(THE TASK) Your output should be the lines from the one with "エントランス(入口清潔感があり綺麗です)" through the last line of the records below, exactly as written, minus the pictures.
-------- DATA SUPPLIED --------
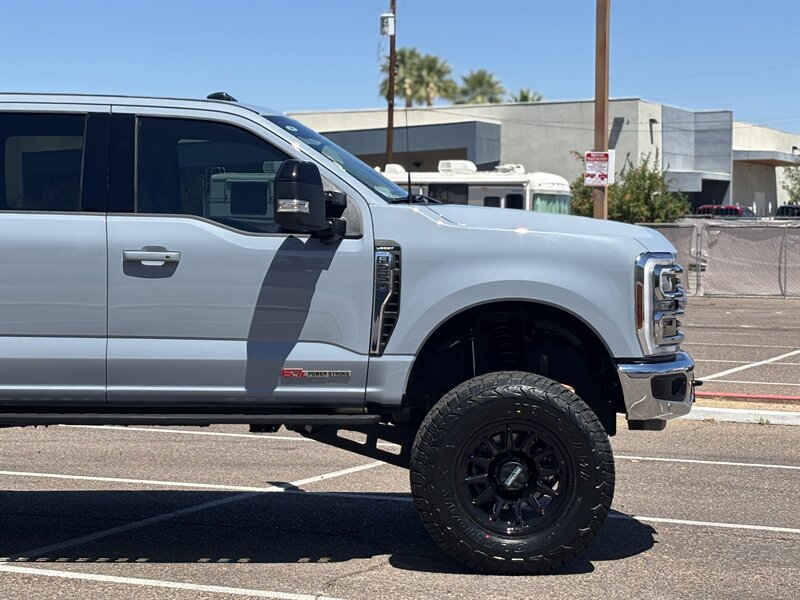 2024 Ford F-250 Super Duty Lariat TREMOR LIFTED DIESEL TRUCK 4WD - Photo 5 - Scottsdale, AZ 85257
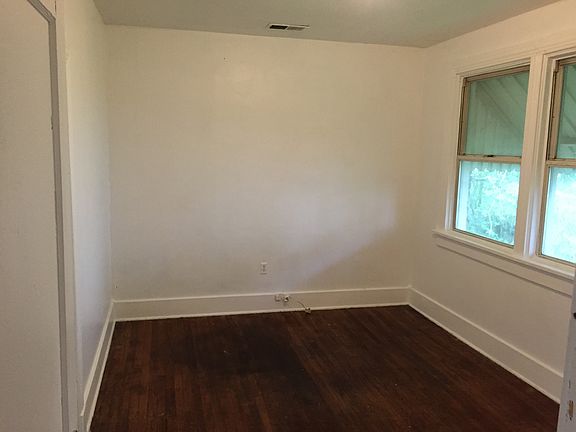 2nd image of 3805 Spottswood Ave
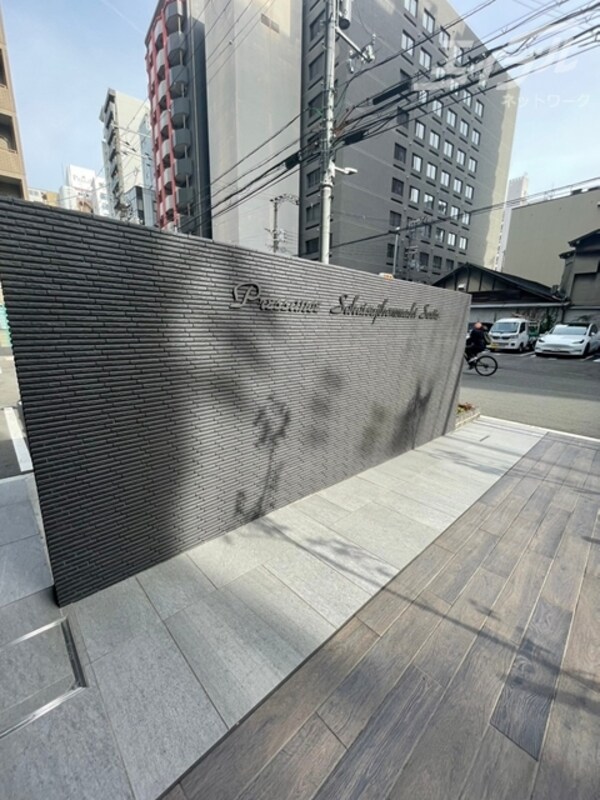 エントランス(入口清潔感があり綺麗です)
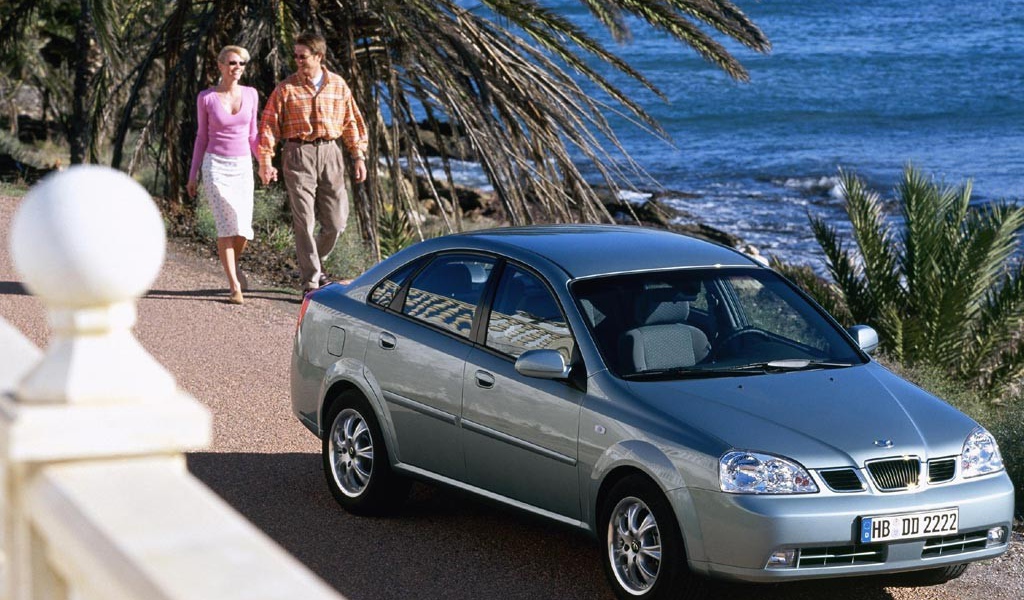 Автомобиль Daewoo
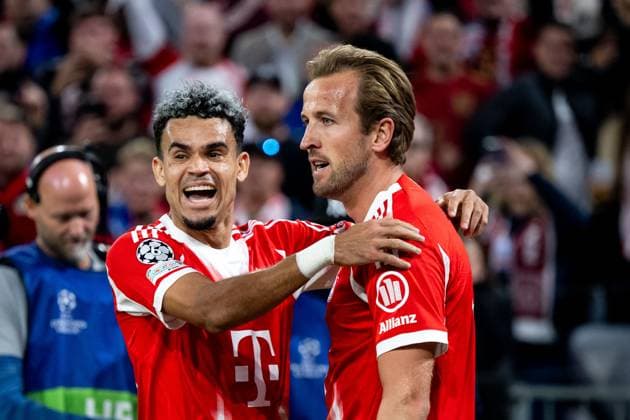 Harry Kane FC Bayern Muenchen, 09 , Luis Diaz FC Bayern Muenchen, 14 celebrating the goal for 3 1, GER, FC Bayern Muenchen vs Chelsea FC, Football, UEFA Champions League, League phase, Matchday 1, 2025 2026 season, 17 09 2025 GER, FC Bayern Muenchen vs Chelsea FC, Football, UEFA Champions League, League phase, Matchday 1, 2025 2026 season, 17 09 2025 Muenchen Copyright: xEibner-Pressefoto Memmlerx EP_MMR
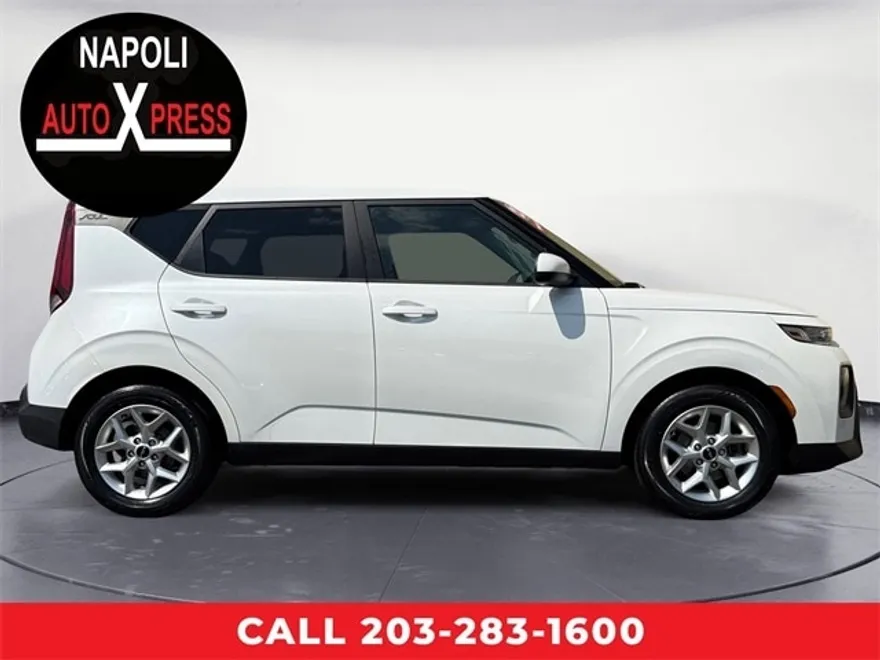 2022 Kia Soul LX photo 1
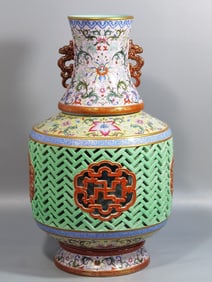 A piece of foreign color hollow inside the boy race dragon boat turning bottle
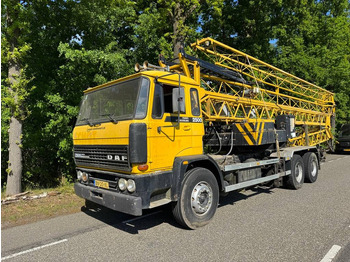 Вантажівка з маніпулятором DAF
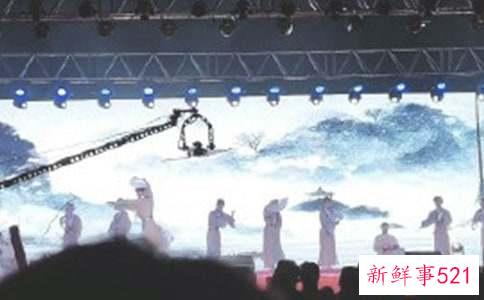 梦见妈妈在台上表演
--------
(RESPONSE TO THE TASK)
 エントランス(入口清潔感があり綺麗です)
 Автомобиль Daewoo
 Harry Kane FC Bayern Muenchen, 09 , Luis Diaz FC Bayern Muenchen, 14 celebrating the goal for 3 1, GER, FC Bayern Muenchen vs Chelsea FC, Football, UEFA Champions League, League phase, Matchday 1, 2025 2026 season, 17 09 2025 GER, FC Bayern Muenchen vs Chelsea FC, Football, UEFA Champions League, League phase, Matchday 1, 2025 2026 season, 17 09 2025 Muenchen Copyright: xEibner-Pressefoto Memmlerx EP_MMR
 2022 Kia Soul LX photo 1
 A piece of foreign color hollow inside the boy race dragon boat turning bottle
 Вантажівка з маніпулятором DAF
 梦见妈妈在台上表演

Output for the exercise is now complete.